I think the other port is the one you’re connecting from on the client?

Both ports connect to different Azure SQL IP address. The application only connects to one SQL Server, but it creates two connections. I guess it’s part of the protocol.

The local container only connects to 1433.

The Azure container connects to 1433 and another port.

Does TDS need to anything for Connectivity from within Azure?

Connectivity from within Azure
If you are connecting from within Azure your connections have a connection policy of Redirect by default. A policy of Redirect means that after the TCP session is established to Azure SQL Database, the client session is then redirected to the right database cluster with a change to the destination virtual IP from that of the Azure SQL Database gateway to that of the cluster. Thereafter, all subsequent packets flow directly to the cluster, bypassing the Azure SQL Database gateway. The following diagram illustrates this traffic flow.

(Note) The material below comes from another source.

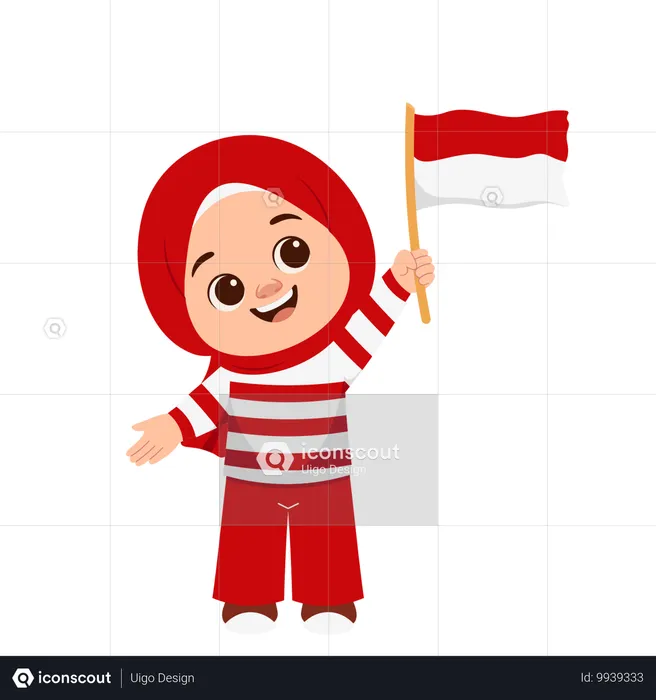 Junges Mädchen mit indonesischer Flagge  Illustration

Connectivity from outside of Azure
If you are connecting from outside Azure, your connections have a connection policy of Proxy by default. A policy of Proxy means that the TCP session is established via the Azure SQL Database gateway and all subsequent packets flow via the gateway. The following diagram illustrates this traffic flow.

My connection to the SQL server doesn’t disconnect after I changed the SQL server Connection Policy from Default to Proxy.

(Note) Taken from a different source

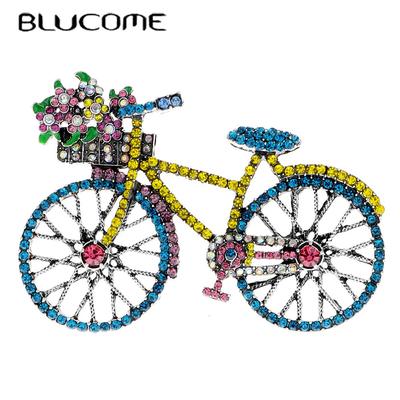 Rhinestone Vintage Bicycle Brooches For Women Creative Fashion Jewelry 2 Colors Available High Quality Good Gift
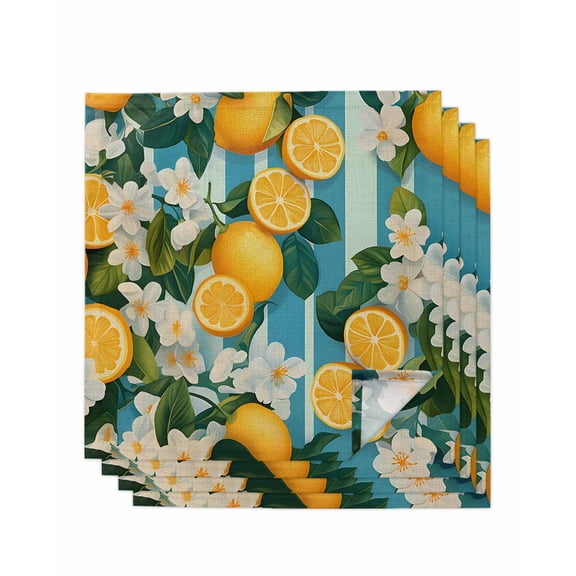 nqOlkjepod Yellow Lemon Cloth Napkins Set of 4 Reusable Dinner Napkins, Summer Fruit Floral Blue Stripe Burlap Cocktail Napkin Washable Table Napkins for Wedding/Holiday Party/Baby Shower 20"x20"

The TCP traffic on port 1433 on the Azure container is constant every 2 seconds like my local container.

The Azure container only connects to 1433 after the change.

Maybe it will help if you can look at the decrypted traffic. That would require some work but I’m not sure how else to find out more. It’s the Erlang -- ssl option on SSL. Some stuff is linked from Support SSLKEYLOGFILE environment variable. · Issue #132 · sneako/finch · GitHub that might show you how to implement it.

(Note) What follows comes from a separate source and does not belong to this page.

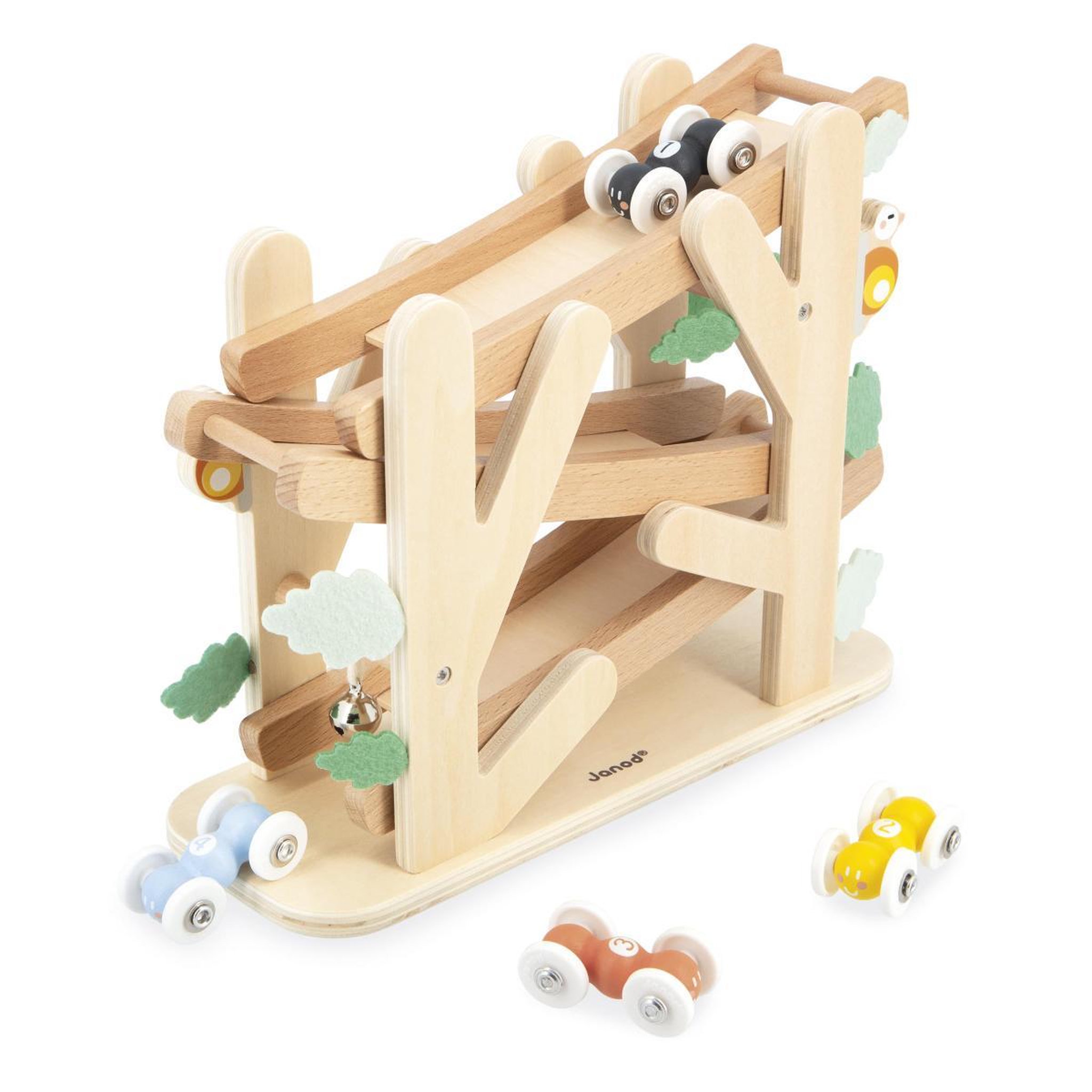 Juratoys-Janod Circuit en bois le Toboggan des fourmis avec 4 voitures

When the Azure container is connected to the SQL server using the Redirect connection policy, it doesn’t need the connection on port 1433. It uses the other port in range of 11000-11999 to communicate with the database.

When the connection on port 1433 closes, it also closes the connection on port 11000.

TDS in deps\tds\lib\tds\tls.ex asserts the connection to 11000 when it calls send/2 for something.

  def send(socket, payload) do
    socket
    |> assert_connected!()
    |> GenServer.call({:send, payload})
  end

  # Asserts that the port / socket is still open and returns its `pid`
  defp assert_connected!(socket) do
    {:connected, pid} = Port.info(socket, :connected)
    pid
  end

Submitted PR to TDS

Are you confident that change isn’t going to result in processes sticking around when they shouldn’t?

I’m not confident. I’m hoping the maintainers can review the change.